Cuentan los textos que en la capital de la época, Heian kyo, fue creado el primer instituto de formación militar, el
Butokukan, donde la enseñanza del tiro con arco se erguía como distintivo de la
alta clase social militar. No en vano, los llamados Kyusen no ie (familia de arco y flecha) y su habilidad con el arco
fueron determinantes en la incipiente jerarquía japonesa. Estamos en una época en que la tendencia
militar cambia, y el uso del arco en batalla se convierte en una necesidad de
carácter vital.
Henmi
ryu fue la primera escuela de tiro con arco, a la que le siguieron Takeda ryu, Ogasawara ryu (especializada
en el tiro con arco a caballo), Yamato
ryu o Heki ryu. Esta última,
fundada por Heki Danjo Masatsugu 1443-1502)
marcó un hito en la técnica, rapidez y versatilidad de los guerreros de a pie. No
obstante, la entrada de las armas de fuego en Japón a través de los
portugueses, rediseñaron completamente el panorama y la eficacia en la guerra.

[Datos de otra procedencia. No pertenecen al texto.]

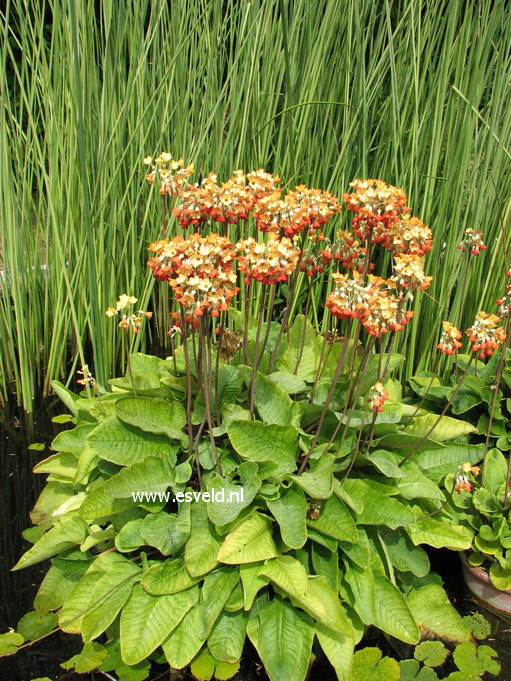 Primula bulleyana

El uso eficaz del arco y la flecha requería de un entrenamiento exhaustivo y
prolongado, nada que ver que el uso del fusil de la época (tanegashima), el cual usaban las tropas de pie, conformadas por
granjeros y otros diversos estratos sociales son formación militar, con una
facilidad pasmosa. En este momento, el yumi en las tropas de infantería quedó
relegado en favor de las armas largas (picas y lanzas) y las armas de fuego.

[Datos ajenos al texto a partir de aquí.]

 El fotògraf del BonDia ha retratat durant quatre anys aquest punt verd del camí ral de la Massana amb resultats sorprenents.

El fín de las guerra civiles en Japón tras la guerra de
Sekigahara (1600-1603) y la toma de
poder de la familia Tokugawa, provoca un cambio drástico en la sociedad
japonesa. El desuso de armaduras y de muchas de las armas utilizadas hasta la
época en campo abierto, incluidos el arco y la flecha, conduce a un rediseño y
reestructuración de las tácticas y estrategias de guerra. Todo se focaliza al
uso urbano, al porte de ropas civiles, a los conflictos en el interior de
palacio, en salones de té, duelos o riñas en plena calzada. En este tiempo, las
jerarquías sociales emergen de forma rotunda, es el tiempo del protocolo, de la
etiqueta, del decoro. Pero el Kyujutsu, a diferencia de la esgrima u otras
artes que todavía sobreviven con cierta integridad, sufre un cambio drástico.

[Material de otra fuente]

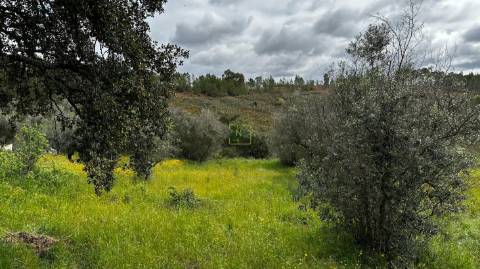 Terreno na freguesia de Santo André das Tojeiras - Castelo Branco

Desde la entrada del budismo en Japón de manos de Kukai
(774-835), esta doctrina ascética ha estado íntimamente ligada a la vía del
guerrero. El budismo Shingon y más tarde el Tendai proporcionaron al samurai un
estado de calma para el antes y el después del combate, un método para templar
el espíritu y desprenderlo de todo apego a la vida, así como la indiferencia a
la muerte. Es sin embargo el budismo Zen el que logra alcanzar más protagonismo
durante el periodo Edo. El Bujutsu
empieza a transformarse en Budo. La
habilidad y el entrenamiento focalizado en el campo de batalla deja paso al
entrenamiento y la habilidad para con uno mismo, la superación personal y la
búsqueda del equilibrio entre lo físico y lo espiritual. Lo externo y lo
interno. Lo visible y lo invisible. El Kyujutsu
da paso al Kyudo.
En la actualidad el Kyudo, según la Zen Nihon Kyudo Renmei (organización japonesa de máxima autoridad
en Kyudo) regula la práctica del Kyudo mediante el trinomio shin-zen-bi, corazón, divinidad y belleza,
tres estadios fundamentales de práctica donde la calma interior se une con la
forma exterior. Según el tipo de
escuela, se practica con fines más marciales (la habilidad de disparar y
acertar en el blanco bajo diferentes circunstancias y escenarios) o ascéticos
(como forma de meditación y práctica de cultivo interior). En cualquier caso,
el fin será común: buscar el refinamiento en la forma, para alcanzar un estado
de equilibrio ideal. Y para ello los lugares donde se practica Kyudo poseen una
magia especial. Los dojo (lugar de
práctica de la vía) de Kyudo se encuentran impregnados de sosiego, calma,
equilibrio y una atmósfera de concentración y precisión fuera de lo común.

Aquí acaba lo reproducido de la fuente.